David Popenoe, Families Without Fathers

While marriage benefits children, committed fatherhood promotes the well-being and fulfillment of men. Family life motivates men to positively channel their aggressive energy, become socially productive, and cultivate the virtues of honesty, trust, self-sacrifice, and discipline, that are necessary to support, and become a role model for, their children. In his book A Sense of Well-Being, the psychologist Angus Campbell notes that in terms of overall life satisfaction the most well-off males are fathers of grown children who are still married to their wives. The unhappiest, on the other hand, are divorced men and unattached men who have no wife or children. As men have more difficulty forming social relationships than women, a man without a wife and children is often a man without any close relationships at all.   

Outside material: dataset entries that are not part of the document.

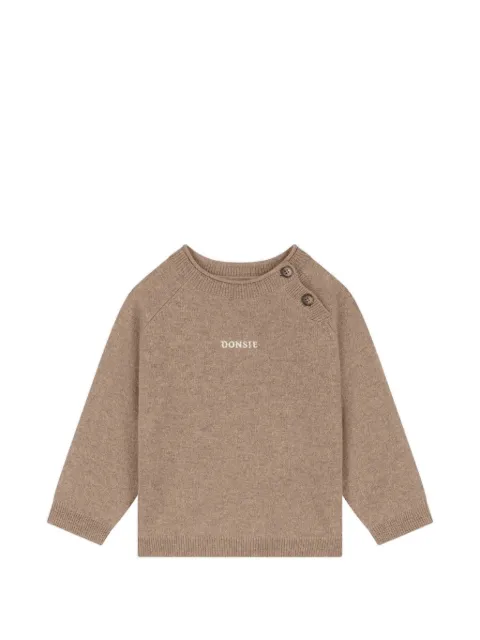 Donsje Collyns button-shoulder logo-embroidered sweater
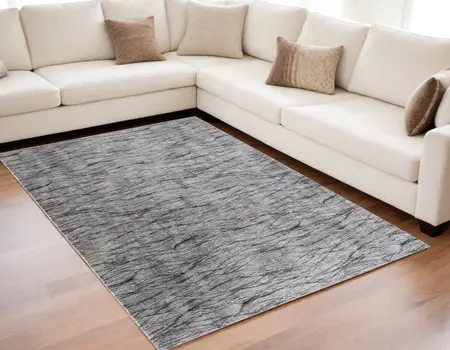5' X 8' Gray Ivory and Tan Abstract Power Loom Area Rug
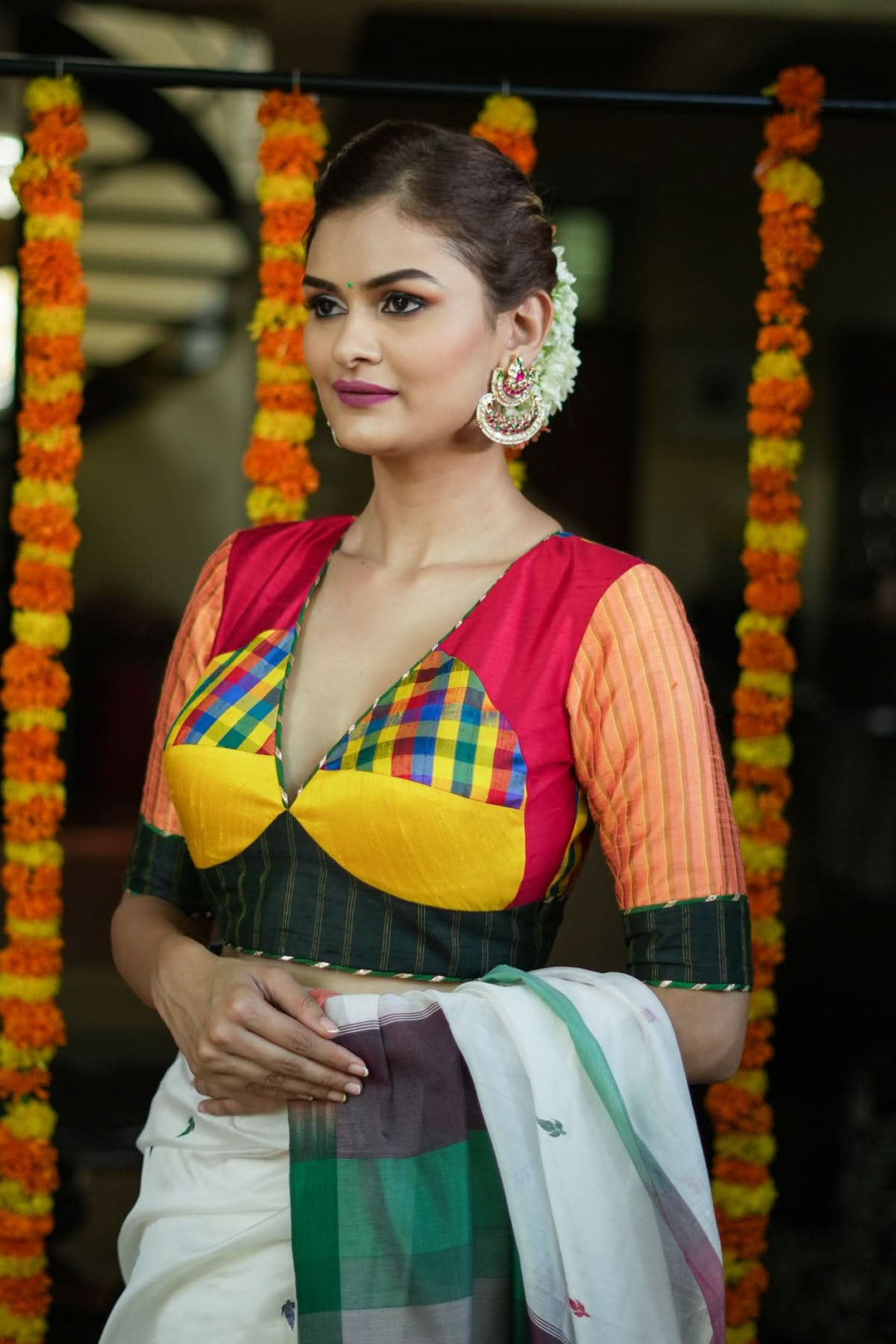 Multicolour checked patchwork V Neck Blouse in raw silk and other fabrics | SHOBITAM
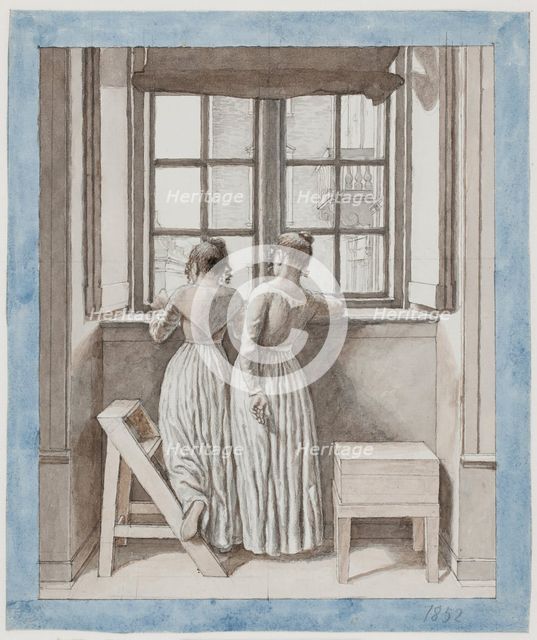 At a Window in the Artist's Studio, 1852. Artist: Eckersberg, Christoffer-Wilhelm (1783-1853)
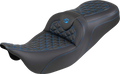 SADDLEMEN RoadSofa™ Tri Gripper Seat - Standard Reach - Blue Stitch - w/o Backrest - FLH/FLT '08-'25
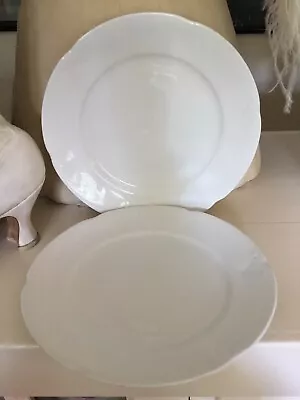 Vintage Antique White Ironstone Plates JOHNSON BROS. ENGLAND Lot Of 2 Salad 9” • $24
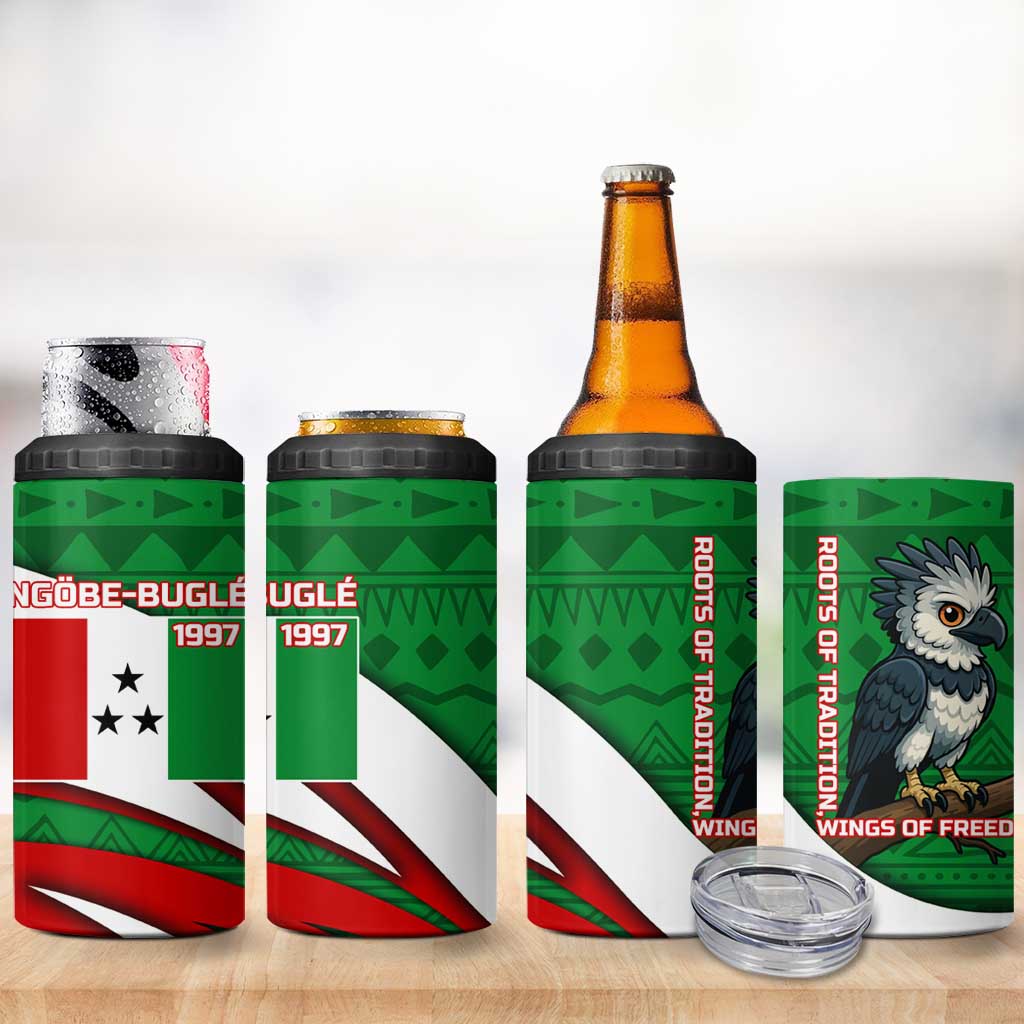 Indigenous Regions of Panama Ngabe-Bugle 4 in 1 Can Cooler Tumbler with Harpy Eagle Graphic and Green Red Tribal Pattern 1997 - Wonder Print Shop
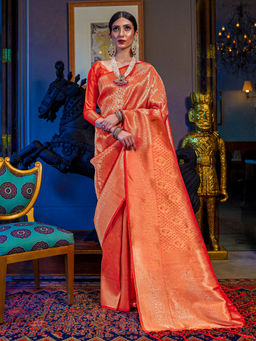 Akhilam - Orange Traditional Weaving Kanjivaram Silk Designer saree with Unstitched Blouse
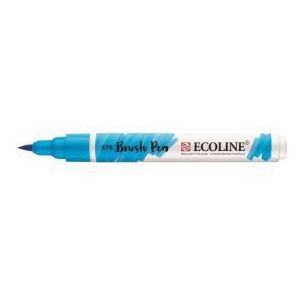 578 Ecoline brushpen - Hemelsblauw is een vloeibare waterverf in een brushpen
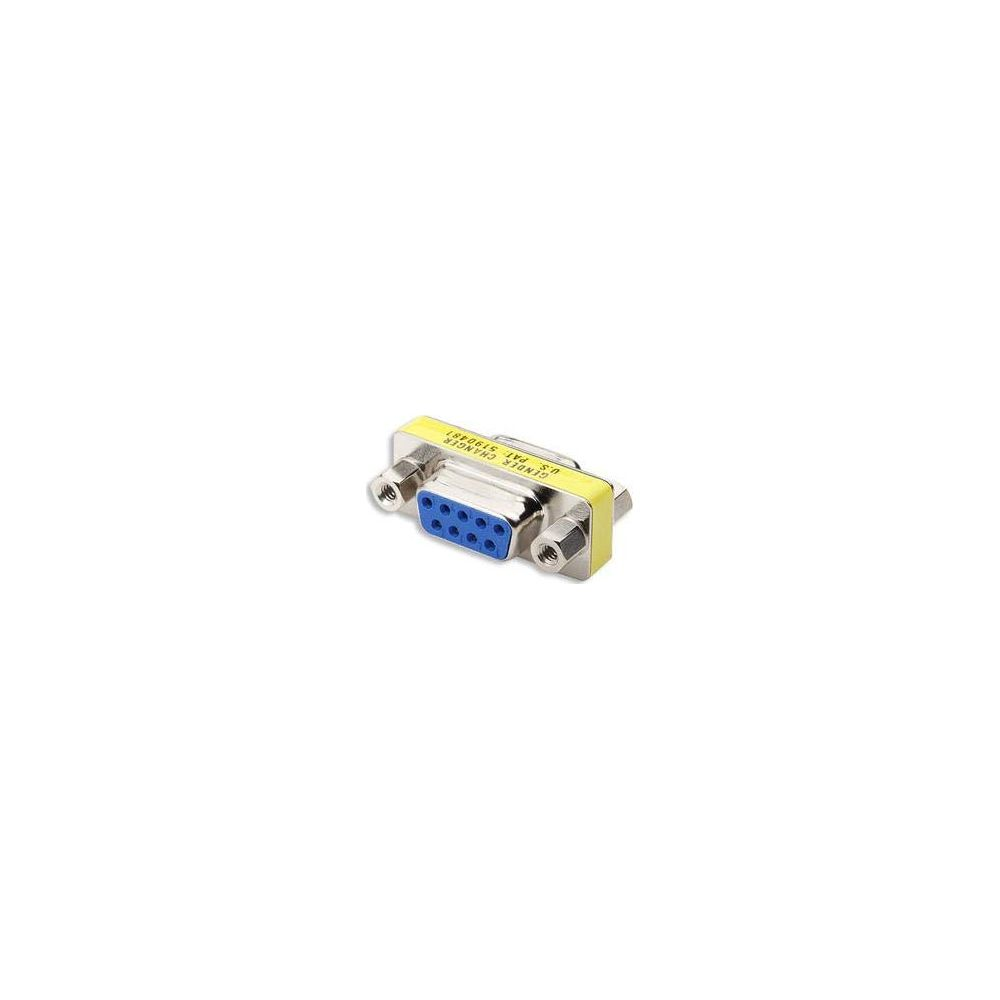 Un adattatore cambiacoppia giallo con pin blu e viti metalliche.
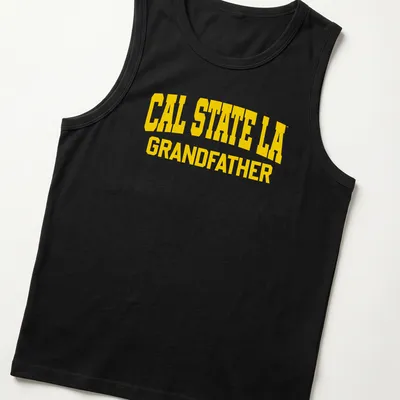 Bold collegiate Cal State L.A. Grandfather T-shirt in yellow — printed on a tank top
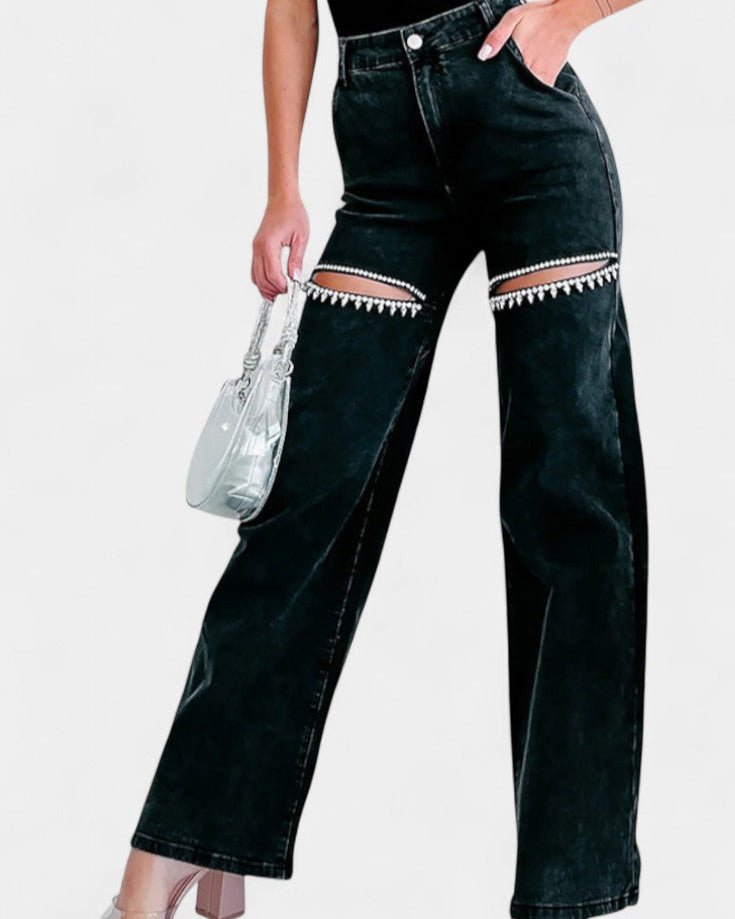 Moderne damebukser: Højtaljede wide leg jeans med rå slid. Et must-have til din garderobe.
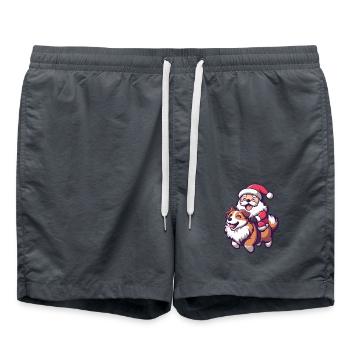 Border Collie Dog Santa Claus Cartoon - Swim Trunks - anthracite - Front - AI Model Male 185 light (185cm)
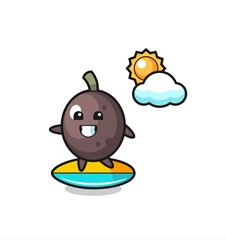 Illustration of black olive cartoon do surfing on the beach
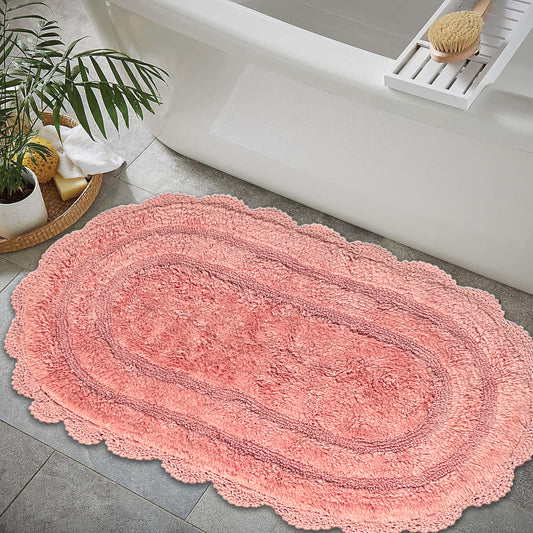 CROCHET OVAL BATH MAT, 24''x40'', BLUSH 100% COTTON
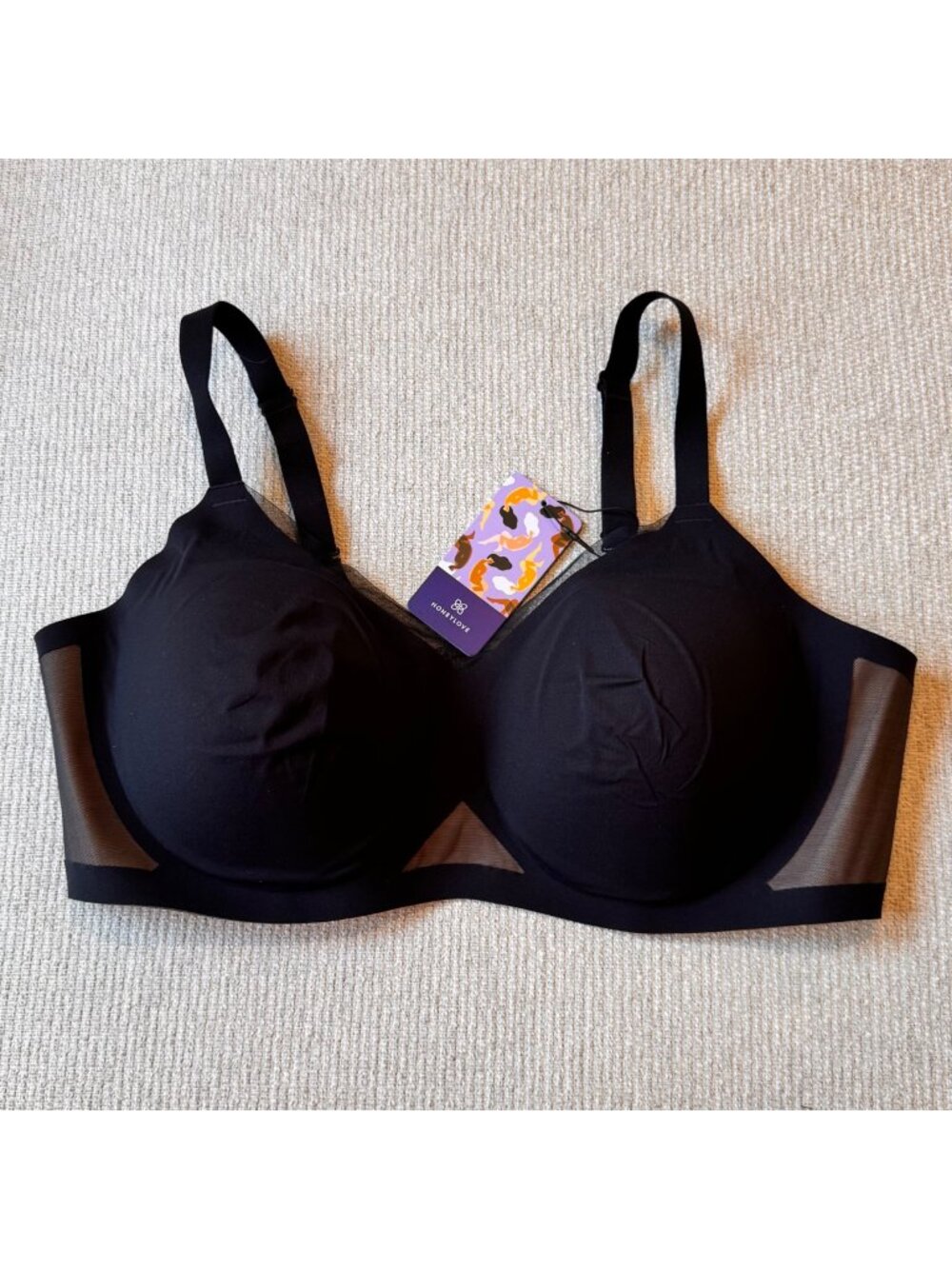 NWT Honeylove Liftwear Crossover Bra Size 44C/D Black LWBR0303 New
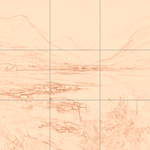 Sepia sketch with grid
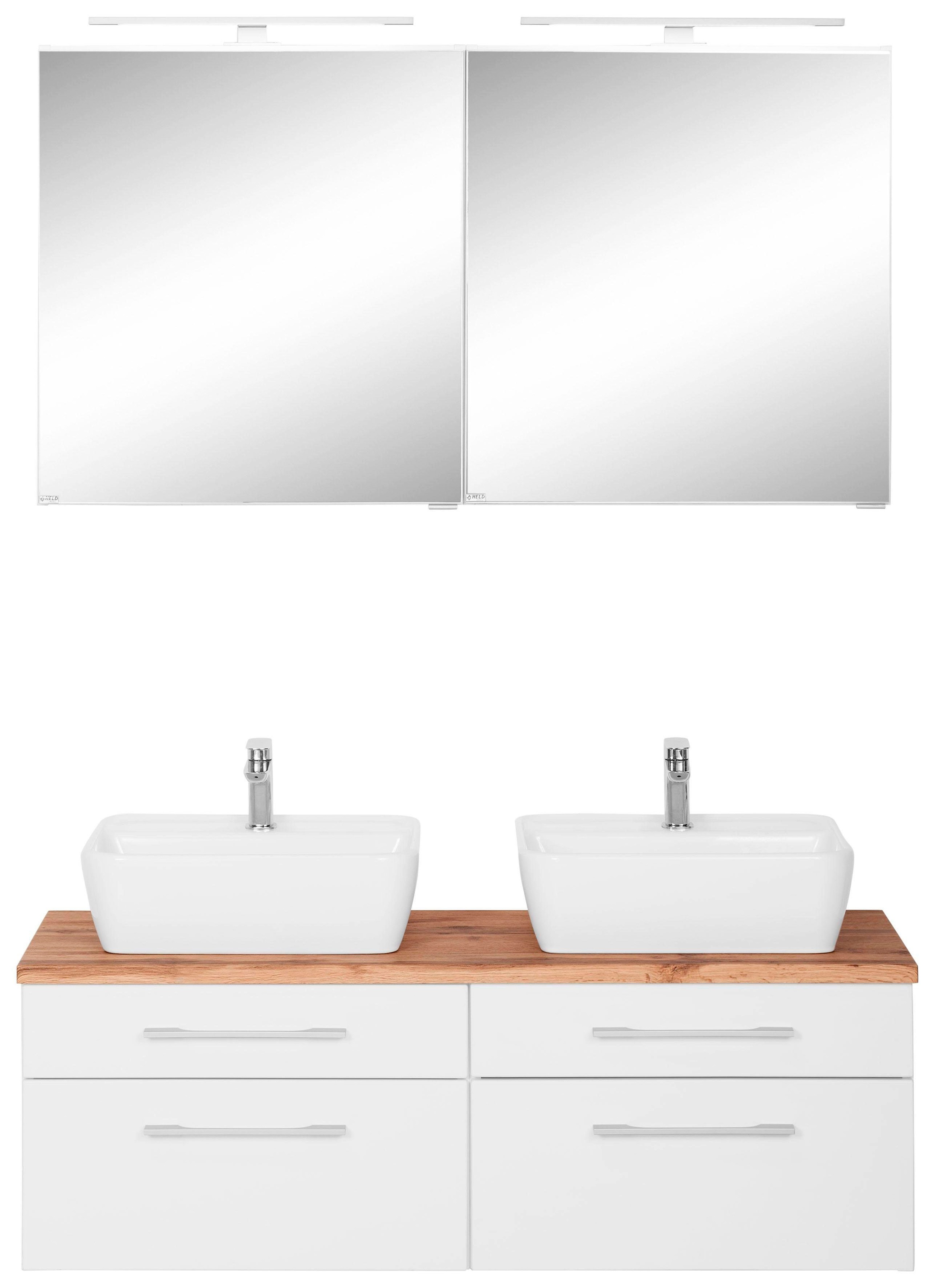 welltime Badmöbel-Set »Davos« 3 Stk. tlg. mit 2 LED-Spiegelschränken günstig online kaufen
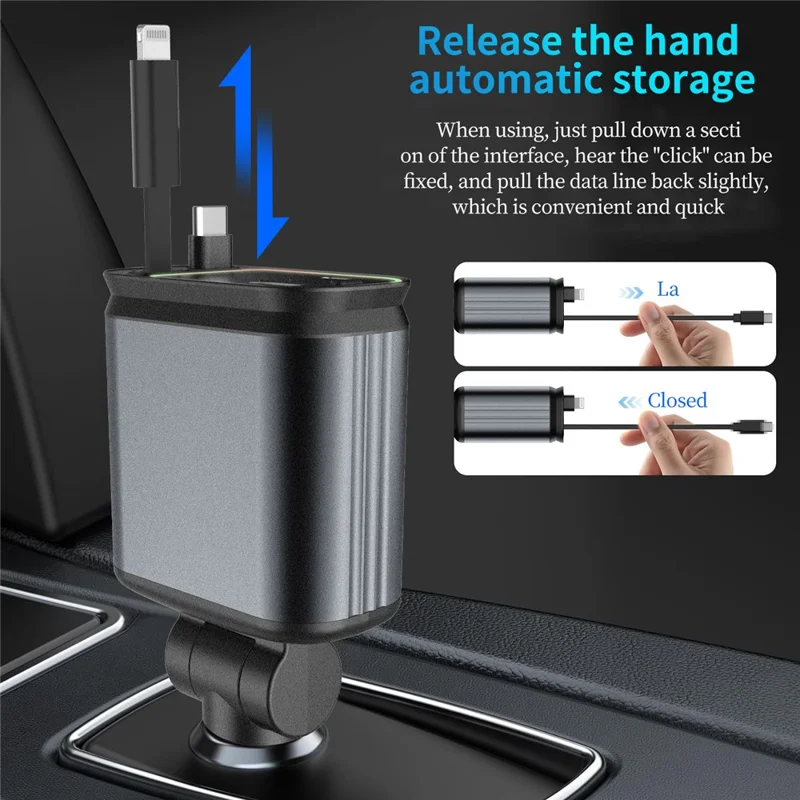 Multifunctional 4 in 1 Voltage Display Car Charger with Dual Retractable Cables Star Projector - iP + Type C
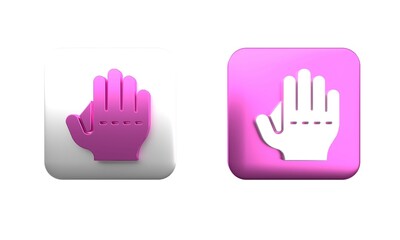 Colorful Baseball glove icon isolated on white background. Square button. 3D render illustration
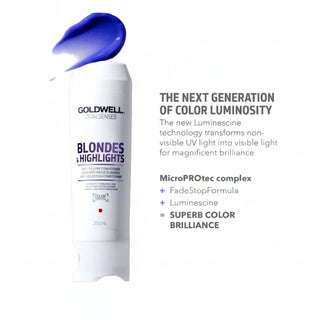 goldwell dualsenses blondes and highlights anti yellow conditioner 250ml for blonde silver and highlighted hair with brassiness control and shine enhancement care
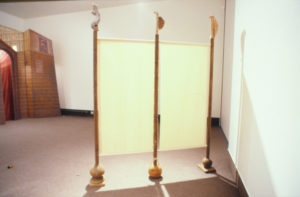 Malcolm Harrison, Metamorphic Voyage, 1987 (installation view). Wood, canvas.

“It is not just that particularly healthy and competent and morally upright persons are more likely to marry, but that marriage actually promotes health, competence, virtue, and personal well-being…There is a civilizing effect for men in merely being in the company of women and children, an environment which typically promotes life-enhancing values…With the continued growth of fatherlessness…we can expect to see a nation of men who are at worst morally out of control and at best unhappy, unhealthy, and unfulfilled.” 

David Popenoe, Families Without Fathers

But it is children who suffer the most from an absent father, and as children are the future of society, society suffers by extension. Absent fathers translate into broken children, and broken children are at risk of growing up to be broken men and women who perpetuate societal dysfunction. 

“What society does to its children, so will its children do to society.”

Cicero, De Officiis

And so as Popenoe concludes: 

“…strong families with involved fathers in life-long marriages are irreplaceable for a strong and stable moral order, for adult well being, and ultimately for the well being and success in life of their children….If we continue down the path of fatherlessness, we are headed for social disaster…In the final analysis, every father counts.” 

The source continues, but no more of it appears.